Nascida a 11 de março de 1986, Aleah Chapin, residente em Seattle, usa a arte como forma de protesto contra a ditadura dos corpos perfeitos que a sociedade hoje nos tende a impor.

Tem um fascínio pelo corpo humano mas gosta de pintá-lo sem artifícios, tal e qual como ele é. Para Aleah Chapin, pintora norte-americana residente em Seattle, no norte da costa oeste dos EUA, os corpos de biquíni, as barrigas masculinas com six-packs e as silhuetas finas e elegantes não passam de uma imposição social, que procura a todo o custo combater, retratando homens, mulheres e crianças reais, com todas as virtudes e os defeitos que possam ter.

«Tento desenvolver um trabalho em que, apesar das pessoas estarem nuas, há uma representação que vai para além do sexo e da beleza», justificou já publicamente a pintora. Algumas das imagens mais fortes que materializou na tela podem ser vistas em exposições como «Body/Being», que atraiu milhares à Flowers Gallery em Nova Iorque em meados de 2016. Qwill, a prima, foi uma suas fontes de inspiração.

Aleah Chapin retratou-a nua, depois de ter removido os seios, no âmbito de um processo de mudança de sexo. «Apenas pretendo mostrar [com os meus trabalhos] que somos todos iguais, independentemente de sermos um idoso de 84 anos ou uma pessoa transgénero de 30», refere. «Devíamos focar-nos no que temos em comum em vez de termos medo do que é diferente», acrescenta ainda.

«Se o fizéssemos, o mundo seria seguramente um lugar mulher», defende a artista plástica, que em 2012 venceu o prestigiado prémio BP Portrait Award pelo trabalho «Auntie», um projeto estético que retratava uma mulher idosa nua. «Eu acho que o meu trabalho gera controvérsia porque mostra uma série de coisas que vão contra aquilo que estamos habituados a ver. Eu mostro a realidade imperfeita», diz.

«Todos sabemos que as mulheres que vemos nas revistas não são como elas aparecem lá.

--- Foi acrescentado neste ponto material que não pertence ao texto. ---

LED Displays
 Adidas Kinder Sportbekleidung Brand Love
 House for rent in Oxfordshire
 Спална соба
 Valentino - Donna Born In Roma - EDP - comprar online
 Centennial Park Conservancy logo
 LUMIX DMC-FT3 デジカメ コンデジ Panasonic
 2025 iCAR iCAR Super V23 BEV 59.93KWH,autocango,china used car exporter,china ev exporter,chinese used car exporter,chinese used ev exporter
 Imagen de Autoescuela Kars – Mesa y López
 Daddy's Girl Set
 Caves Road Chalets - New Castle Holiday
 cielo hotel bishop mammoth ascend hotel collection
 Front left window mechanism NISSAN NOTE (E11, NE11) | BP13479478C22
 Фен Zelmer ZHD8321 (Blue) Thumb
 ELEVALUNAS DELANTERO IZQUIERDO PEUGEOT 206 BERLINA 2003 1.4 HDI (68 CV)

Nós esforçamo-nos por ser como elas e, como não conseguimos, porque aquelas imagens não são reais, culpamo-nos por isso. Em termos pessoais, pintar estes quadros é também uma forma de me aceitar a mim mesma», afirma Aleah Chapin, uma das artistas plásticas em destaque no livro de arte figurativa do ilustrador Robert Zeller, publicado a 28 de março de 2017.

Texto: Luis Batista Gonçalves com Aleah Chapin (fotografias)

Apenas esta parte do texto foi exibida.